Even so, in practice, choosing an environment to build an application is closely related to how well your team is familiar with the environment and the overall productivity that the team can achieve. So, for a team, using node or go to develop Web applications and services may not be the best choice.

Hopefully these will help you get a better idea of what's going on at the bottom and give you some advice on how to deal with application scalability.

SDCC 2017 of the database online summit will be strong to attack, adhering to the content of dry goods (case) principle, invited from Alibaba, Tencent, Weibo, NetEase and many other enterprises database experts and university research scholars, around Oracle, MySQL, PostgreSQL, Redis, such as hot-spot database technology, from the core technology deep digging to the high availability of practical analysis, to create the essence of compression-sharing, extrapolate, speculative mutual, registration and more details can be viewed here.

Related Article

Contact Us

The content source of this page is from Internet, which doesn't represent Alibaba Cloud's opinion; products and services mentioned on that page don't have any relationship with Alibaba Cloud. If the content of the page makes you feel confusing, please write us an email, we will handle the problem within 5 days after receiving your email.

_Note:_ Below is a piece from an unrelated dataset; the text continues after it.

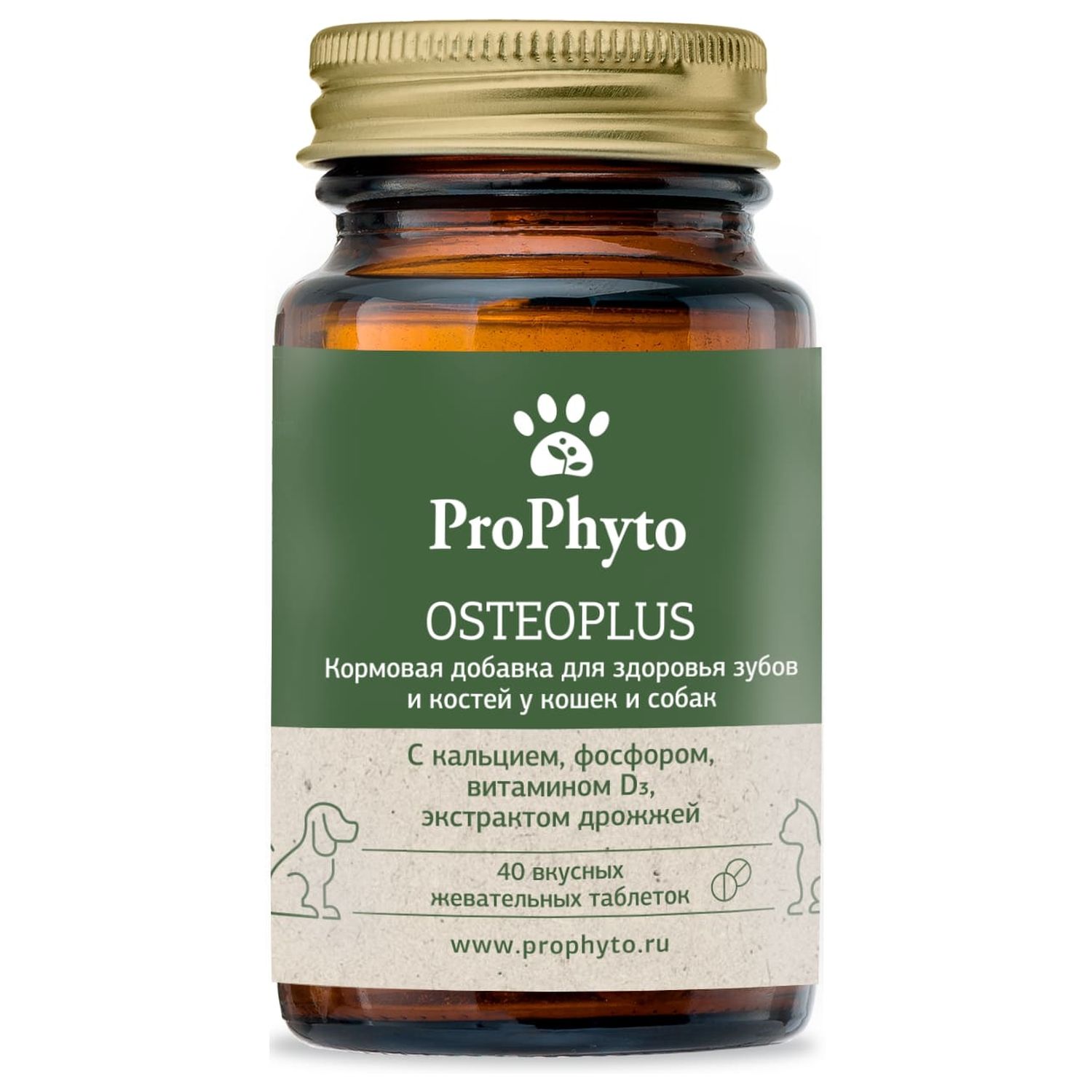 ProPhyto (Профито) Остеоплюс витамины для здоровья зубов и костей у кошек и собак, 40 таблеток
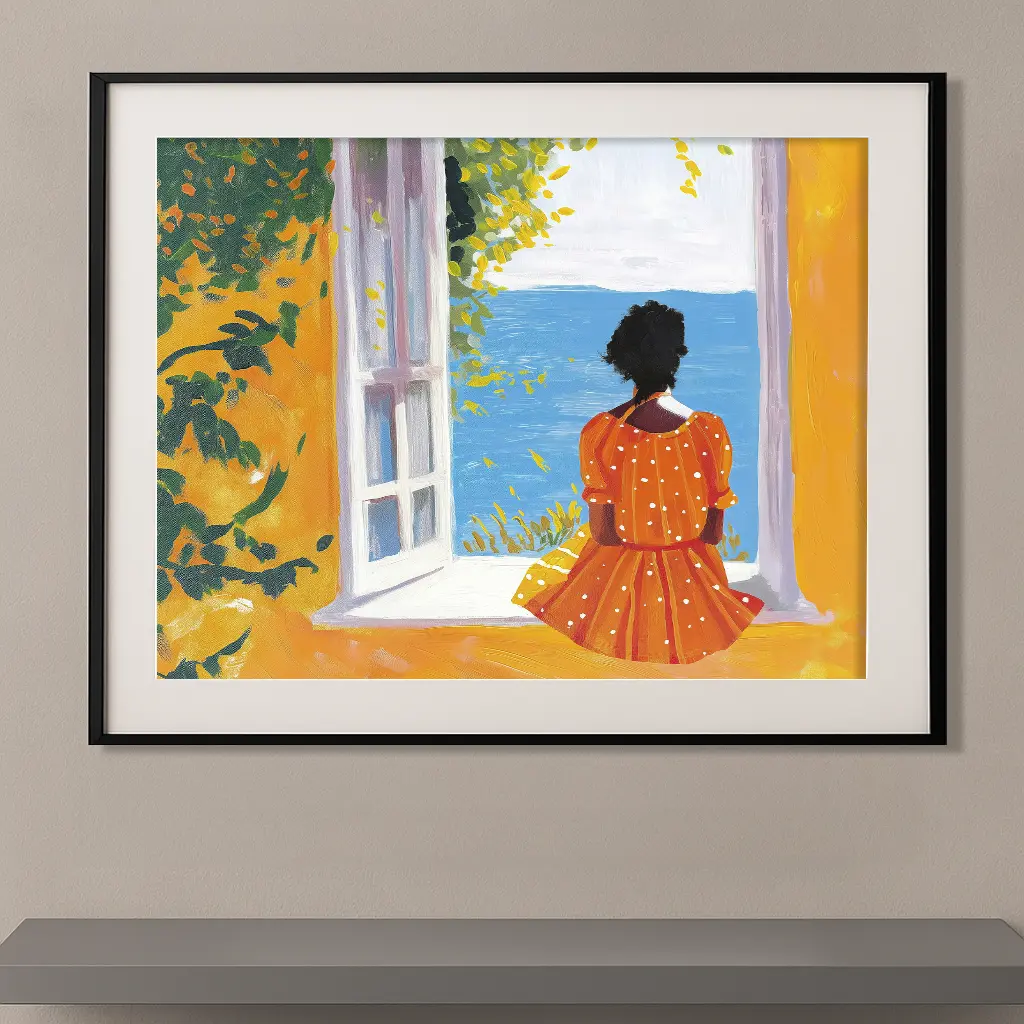 Tableau contemporain inspiré de Henri Matisse représentant une femme assise devant une fenêtre ouverte sur la Méditerranée, dans une palette lumineuse de jaune, d'orange, de bleu et de vert.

If you find any instances of plagiarism from the community, please send an email to: info-contact@alibabacloud.com and provide relevant evidence. A staff member will contact you within 5 working days.

A Free Trial That Lets You Build Big!

Start building with 50+ products and up to 12 months usage for Elastic Compute Service

  • Sales Support

    1 on 1 presale consultation

  • After-Sales Support

    24/7 Technical Support 6 Free Tickets per Quarter Faster Response

  • Alibaba Cloud offers highly flexible support services tailored to meet your exact needs.